CAIRO/VATICAN/BEIRUT: International outcry grew louder on Wednesday against a suspected chemical weapons attack in Syria, with Pope Francis describing it as an “unacceptable massacre” and the Arab League calling it a “major crime”.
NATO and UN Secretary-General Antonio Guterres also weighed in, calling for an investigation to hold to account those responsible for the attack that left more than 70 dead in Syria’s Idlib province on Tuesday.
Lebanese Prime Minister Saad Hariri said the international community is itself to blame for allowing such acts to happen.
“The world should not be shocked because it’s letting such a regime do what it is doing. What should shock us is the increase of children dying and that the whole world is watching,” he told reporters at a Syria donor conference in Belgium.
Hariri also said that Lebanon has been overwhelmed by the arrival of some 1.5 million Syrian refugees and “cannot sustain this issue anymore. The international community has to do something.”
At his midweek public audience in St. Peter’s Square in Vatican City, Pope Francis said: “I completely deplore the unacceptable massacre that took place in Idlib province yesterday, where dozens of defenseless people, including many children, were killed.”
The 80-year-old pontiff spoke out as Russia and Western powers disputed what happened at Khan Sheikhun, where at least 20 children were among those who have died.
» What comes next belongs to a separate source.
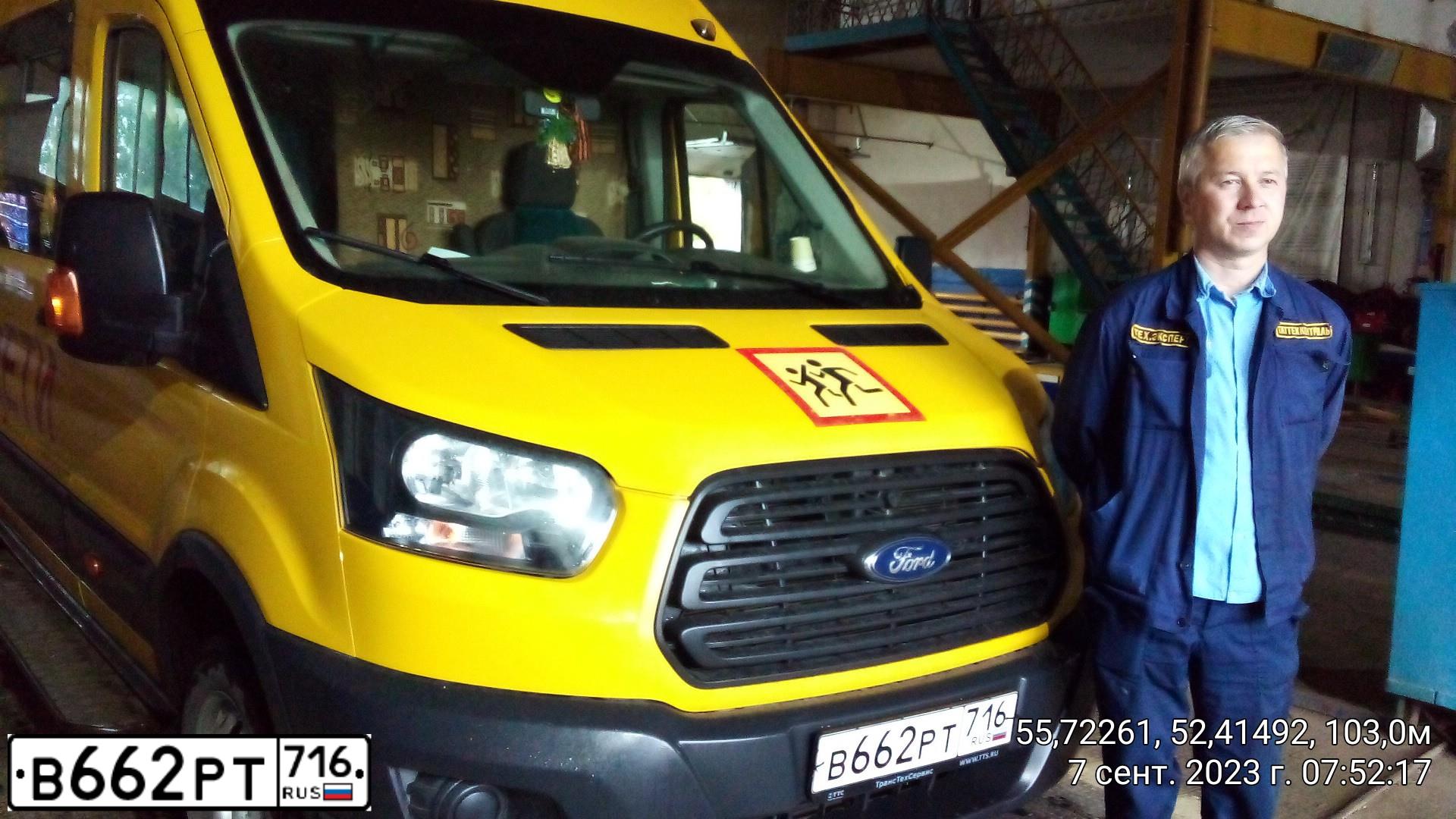Фото автомобиля FORD TRANSIT, 2018 — госномер В662РТ716. Цвет: ЖЁЛТЫЙ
The Syrian Observatory for Human Rights said Tuesday’s air strike on the opposition-held town of Khan Sheikhun in Idlib province was likely carried out by regime warplanes, a charge the regime denied.
Turkey’s health minister says some 30 Syrians have been brought to the Turkish city of Gaziantep, bordering Syria, for treatment following the suspected chemical weapons attack in Syria.
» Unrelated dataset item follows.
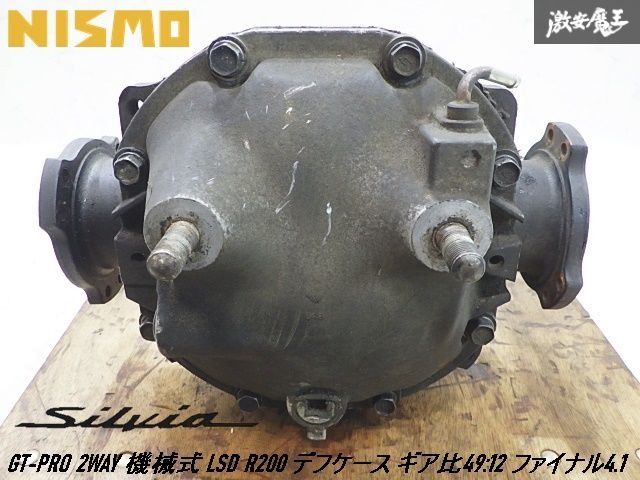 ニスモH１６５ＢジャンクＬＳＤニスモオプション Nismo - GT LSD & Mechanical LSD - Nengun Performance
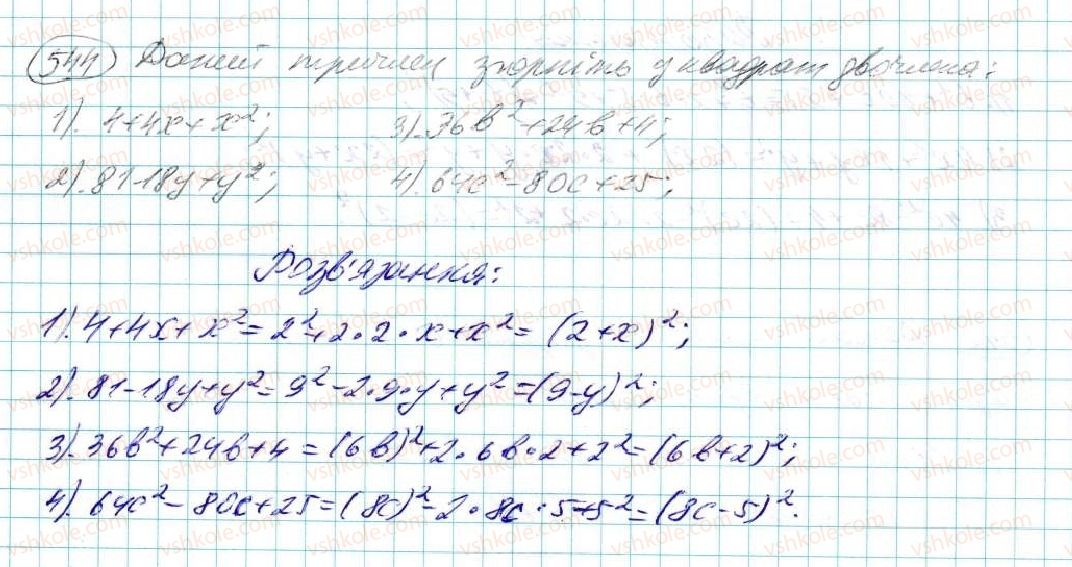 фото задание 544 - § 11. квадрат двочлена - розділ 3. многочлени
Recep Akdag said Wednesday that initial symptoms and findings confirm that the wounded were the victims of a chemical attack. His comments were reported by the Haber Turk news channel.

‘Evidence point to Assad’
Russia, which has provided military and diplomatic backing for Syrian President Bashar Assad in his fight against the opposition fighters, said the deaths occurred after regime forces bombarded a “terrorist warehouse” containing “toxic substances.”
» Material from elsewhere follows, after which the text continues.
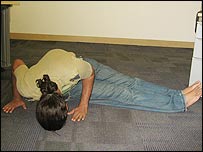 भू-नमनासन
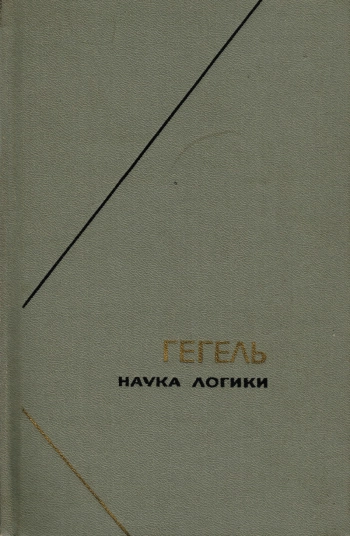Гегель. Наука логики. Том 2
British Foreign Secretary Boris Johnson, however, insisted that “all the evidence” pointed to Assad’s regime “using illegal weapons on their own people.”
Johnson also says that he does “not see how a government like that can continue to have any kind of legitimate administration over the people of Syria.”
He added that he “would like to see those culpable pay a price for this.”
In Cairo, Arab League chief Ahmed Aboul Gheit said “targeting and killing civilians with these prohibited methods is considered a major crime and a barbaric act.” A
“Whoever carried it out will not escape from justice, and must be punished by the international community according to international law and international humanitarian law,” hesaid, without specifying who he held responsible.
The Arab League suspended Syria’s membership at the end of 2011 following months of brutal repression of anti-regime demonstrations and an opposition movement supported by Gulf monarchies.

Investigation pushed
UN’s Guterres said the global body would seek to establish who was to blame for a deadly episode, which he said had “demonstrated that war crimes are going on in Syria.”
Guterres told reporters at a Syria donor conference in Brussels on Wednesday that he hopes “this moment will be able to mobilize the capacity of all those that have responsibilities in this situation.”
He said “the horrific events of yesterday demonstrate that unfortunately war crimes are going on in Syria, that international humanitarian law remains being violated frequently.”
He added he is “confident that the Security Council will live up to its responsibilities,” with major powers set to convene there later in the day.
NATO Secretary-General Jens Stoltenberg said in a statement Wednesday that “this is the third report of the use of these barbaric weapons in the last month alone.”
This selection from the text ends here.